Testing AI Agents: A Practical Framework for Reliability, Performance, and Governance

Friday, April 17, 2026 · 11:30 AM – 12:00 PM · Violet Crown Charlottesville

With AI agents built on large language models being rapidly adopted in production environments, ensuring their reliability, safety, and accountability has become increasingly critical. Unlike traditional software, agentic systems are dynamic and non-deterministic — they can drift, hallucinate, and behave unpredictably. Conventional testing doesn’t capture these risks.

This talk introduces a framework for testing and governing AI agents, uniting principles of engineering reliability, ethical assurance, and compliance readiness. It emphasizes testing not only for functional correctness but also for responsible operation across the full AI lifecycle.
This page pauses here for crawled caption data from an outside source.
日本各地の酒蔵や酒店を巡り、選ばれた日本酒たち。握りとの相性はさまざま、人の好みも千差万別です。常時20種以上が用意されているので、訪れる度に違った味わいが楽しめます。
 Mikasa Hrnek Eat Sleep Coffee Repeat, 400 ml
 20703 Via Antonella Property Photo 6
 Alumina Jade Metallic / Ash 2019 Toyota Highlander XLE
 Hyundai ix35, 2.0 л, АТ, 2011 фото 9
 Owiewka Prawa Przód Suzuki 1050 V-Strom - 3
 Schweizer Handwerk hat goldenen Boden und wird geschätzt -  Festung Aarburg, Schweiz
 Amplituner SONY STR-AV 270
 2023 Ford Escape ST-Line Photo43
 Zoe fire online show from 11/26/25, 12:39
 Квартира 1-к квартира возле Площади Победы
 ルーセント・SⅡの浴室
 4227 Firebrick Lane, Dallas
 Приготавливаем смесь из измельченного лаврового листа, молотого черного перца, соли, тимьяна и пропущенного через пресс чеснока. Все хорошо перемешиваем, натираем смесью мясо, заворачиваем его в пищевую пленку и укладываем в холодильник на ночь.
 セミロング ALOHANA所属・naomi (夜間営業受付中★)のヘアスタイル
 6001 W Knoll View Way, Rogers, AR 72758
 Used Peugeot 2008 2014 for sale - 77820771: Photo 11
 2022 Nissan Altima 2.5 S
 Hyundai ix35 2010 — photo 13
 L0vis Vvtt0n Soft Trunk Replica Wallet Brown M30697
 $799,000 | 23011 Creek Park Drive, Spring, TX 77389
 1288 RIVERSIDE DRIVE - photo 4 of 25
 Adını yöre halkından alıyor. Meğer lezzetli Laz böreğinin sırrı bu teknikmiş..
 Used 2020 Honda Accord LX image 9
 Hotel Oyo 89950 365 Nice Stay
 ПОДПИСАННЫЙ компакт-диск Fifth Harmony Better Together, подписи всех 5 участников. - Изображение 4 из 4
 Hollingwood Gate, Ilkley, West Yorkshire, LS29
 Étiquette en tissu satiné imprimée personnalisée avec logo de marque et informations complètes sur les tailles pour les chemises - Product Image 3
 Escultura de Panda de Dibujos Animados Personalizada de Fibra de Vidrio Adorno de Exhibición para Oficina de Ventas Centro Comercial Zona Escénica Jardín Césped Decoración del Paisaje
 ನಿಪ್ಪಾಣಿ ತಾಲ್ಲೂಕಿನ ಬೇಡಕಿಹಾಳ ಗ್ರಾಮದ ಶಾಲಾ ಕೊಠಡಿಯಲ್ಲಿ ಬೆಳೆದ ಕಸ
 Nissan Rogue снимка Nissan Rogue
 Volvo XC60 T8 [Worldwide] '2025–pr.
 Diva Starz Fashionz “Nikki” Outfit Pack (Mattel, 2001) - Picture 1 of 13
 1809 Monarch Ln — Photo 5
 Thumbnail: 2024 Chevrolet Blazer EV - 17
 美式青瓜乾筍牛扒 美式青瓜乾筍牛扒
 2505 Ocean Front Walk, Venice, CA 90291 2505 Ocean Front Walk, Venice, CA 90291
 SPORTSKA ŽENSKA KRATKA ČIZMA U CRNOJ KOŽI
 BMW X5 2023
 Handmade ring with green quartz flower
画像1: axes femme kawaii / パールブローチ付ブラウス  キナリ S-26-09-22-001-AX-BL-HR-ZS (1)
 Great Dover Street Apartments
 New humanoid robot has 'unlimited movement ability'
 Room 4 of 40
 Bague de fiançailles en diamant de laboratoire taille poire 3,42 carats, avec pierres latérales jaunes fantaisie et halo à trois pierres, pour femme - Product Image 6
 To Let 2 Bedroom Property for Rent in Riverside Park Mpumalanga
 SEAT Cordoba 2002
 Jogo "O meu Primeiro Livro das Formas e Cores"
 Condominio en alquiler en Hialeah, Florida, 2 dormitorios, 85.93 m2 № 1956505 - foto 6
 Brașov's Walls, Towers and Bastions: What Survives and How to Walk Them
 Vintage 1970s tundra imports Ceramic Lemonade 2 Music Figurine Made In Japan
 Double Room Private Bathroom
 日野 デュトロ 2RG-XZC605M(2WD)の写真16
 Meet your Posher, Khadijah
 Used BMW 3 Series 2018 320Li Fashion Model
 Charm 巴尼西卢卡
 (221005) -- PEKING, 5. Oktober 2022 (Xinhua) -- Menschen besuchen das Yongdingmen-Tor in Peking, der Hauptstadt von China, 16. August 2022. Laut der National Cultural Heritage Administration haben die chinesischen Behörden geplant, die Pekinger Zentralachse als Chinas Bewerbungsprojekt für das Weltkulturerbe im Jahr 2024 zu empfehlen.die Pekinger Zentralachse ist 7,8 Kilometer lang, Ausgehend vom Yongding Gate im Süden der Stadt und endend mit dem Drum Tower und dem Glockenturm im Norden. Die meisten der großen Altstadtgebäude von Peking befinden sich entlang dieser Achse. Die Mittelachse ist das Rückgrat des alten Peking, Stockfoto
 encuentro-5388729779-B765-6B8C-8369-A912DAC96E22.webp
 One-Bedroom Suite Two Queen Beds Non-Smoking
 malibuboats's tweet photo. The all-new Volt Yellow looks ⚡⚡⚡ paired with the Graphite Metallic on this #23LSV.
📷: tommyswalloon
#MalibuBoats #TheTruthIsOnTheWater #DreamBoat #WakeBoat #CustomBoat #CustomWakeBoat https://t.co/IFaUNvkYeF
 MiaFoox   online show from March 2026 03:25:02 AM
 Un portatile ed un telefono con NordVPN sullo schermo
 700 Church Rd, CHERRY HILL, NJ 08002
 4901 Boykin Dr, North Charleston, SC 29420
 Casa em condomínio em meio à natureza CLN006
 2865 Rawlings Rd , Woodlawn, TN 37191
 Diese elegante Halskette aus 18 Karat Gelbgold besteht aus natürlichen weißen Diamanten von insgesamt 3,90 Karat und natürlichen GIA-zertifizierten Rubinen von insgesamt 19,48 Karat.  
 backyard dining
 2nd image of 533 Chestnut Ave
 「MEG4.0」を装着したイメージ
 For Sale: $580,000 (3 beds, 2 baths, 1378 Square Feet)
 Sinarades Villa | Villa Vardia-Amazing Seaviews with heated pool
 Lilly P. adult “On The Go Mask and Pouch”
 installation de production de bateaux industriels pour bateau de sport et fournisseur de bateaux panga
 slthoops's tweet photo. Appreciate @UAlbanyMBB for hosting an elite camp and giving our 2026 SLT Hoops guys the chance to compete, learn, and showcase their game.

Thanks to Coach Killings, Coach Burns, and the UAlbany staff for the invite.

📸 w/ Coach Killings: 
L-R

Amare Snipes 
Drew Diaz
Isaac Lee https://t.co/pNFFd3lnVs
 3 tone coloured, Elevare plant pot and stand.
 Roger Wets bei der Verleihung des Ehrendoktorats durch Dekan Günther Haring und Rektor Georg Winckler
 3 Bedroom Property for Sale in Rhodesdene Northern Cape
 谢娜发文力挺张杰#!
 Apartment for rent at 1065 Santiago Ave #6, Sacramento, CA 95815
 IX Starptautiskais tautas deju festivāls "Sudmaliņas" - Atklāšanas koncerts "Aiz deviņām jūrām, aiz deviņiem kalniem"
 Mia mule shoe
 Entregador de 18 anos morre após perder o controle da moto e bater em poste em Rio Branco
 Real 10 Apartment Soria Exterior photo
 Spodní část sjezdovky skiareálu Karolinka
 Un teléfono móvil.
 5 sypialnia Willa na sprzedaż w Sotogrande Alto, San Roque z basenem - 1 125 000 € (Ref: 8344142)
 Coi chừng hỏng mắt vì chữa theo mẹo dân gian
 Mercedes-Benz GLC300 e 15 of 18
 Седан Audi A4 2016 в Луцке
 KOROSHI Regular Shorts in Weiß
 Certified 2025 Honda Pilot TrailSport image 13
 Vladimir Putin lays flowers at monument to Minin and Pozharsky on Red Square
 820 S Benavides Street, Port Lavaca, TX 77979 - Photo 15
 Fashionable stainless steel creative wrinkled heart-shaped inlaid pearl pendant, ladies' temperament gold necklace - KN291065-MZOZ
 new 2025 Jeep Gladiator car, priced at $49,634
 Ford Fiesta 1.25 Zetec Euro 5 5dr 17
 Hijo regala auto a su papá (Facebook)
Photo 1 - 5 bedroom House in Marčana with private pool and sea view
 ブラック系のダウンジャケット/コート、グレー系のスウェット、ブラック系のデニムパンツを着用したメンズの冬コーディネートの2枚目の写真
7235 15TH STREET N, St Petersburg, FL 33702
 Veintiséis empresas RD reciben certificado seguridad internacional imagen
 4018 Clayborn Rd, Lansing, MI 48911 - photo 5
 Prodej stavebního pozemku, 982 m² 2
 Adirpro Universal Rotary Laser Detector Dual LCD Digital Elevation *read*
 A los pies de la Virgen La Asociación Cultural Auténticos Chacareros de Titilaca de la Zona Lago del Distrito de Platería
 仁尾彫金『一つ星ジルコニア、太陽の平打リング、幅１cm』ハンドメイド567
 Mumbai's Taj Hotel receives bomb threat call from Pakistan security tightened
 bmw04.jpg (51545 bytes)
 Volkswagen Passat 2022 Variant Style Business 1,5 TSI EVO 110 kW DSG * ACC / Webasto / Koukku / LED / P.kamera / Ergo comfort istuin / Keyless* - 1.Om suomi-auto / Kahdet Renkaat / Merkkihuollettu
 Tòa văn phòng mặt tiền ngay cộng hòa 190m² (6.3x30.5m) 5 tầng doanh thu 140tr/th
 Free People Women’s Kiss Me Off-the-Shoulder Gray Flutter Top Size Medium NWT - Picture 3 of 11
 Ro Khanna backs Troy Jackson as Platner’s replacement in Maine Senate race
We’ll explore key layers of the framework:

Unit & Integration Testing: Validating performance at the tool and workflow level to ensure consistency and correctness.
Functional & Regression Testing: Using curated evaluation sets to benchmark reasoning and accuracy across versions.
Adversarial & Robustness Testing: Stress-testing agents under malformed or ambiguous inputs to expose hidden failure modes.
Governance & Ethical Testing: Incorporating checks for bias, fairness, explainability, privacy, and regulatory compliance (e.g., EU AI Act–aligned assessments).
Automated Evaluation & Observability Pipelines: Using open-source tools to monitor drift, log incidents, and maintain transparent audit trails for accountability.

Attendees will leave with a practical blueprint for integrating AI governance and testing into their operational workflows. The framework helps teams build not just reliable and scalable AI systems, but responsible ones — balancing innovation and compliance to create reproducible, trustworthy agentic applications.

About the Speaker

Nidhi Gupta

PagerDuty - Applied Scientist

Nidhi Gupta is an Applied Scientist at PagerDuty, where she designs and implements production‑grade AI systems, including contributions to the company’s agentic  Shift Agent  platform. Her work focuses on AI reliability, evaluation frameworks, and multilingual enablement—most recently delivering Japanese language support for global customers. Passionate about operationalizing trustworthy AI, she builds frameworks that balance performance, observability, and governance to make enterprise AI systems reliable, explainable, and impactful.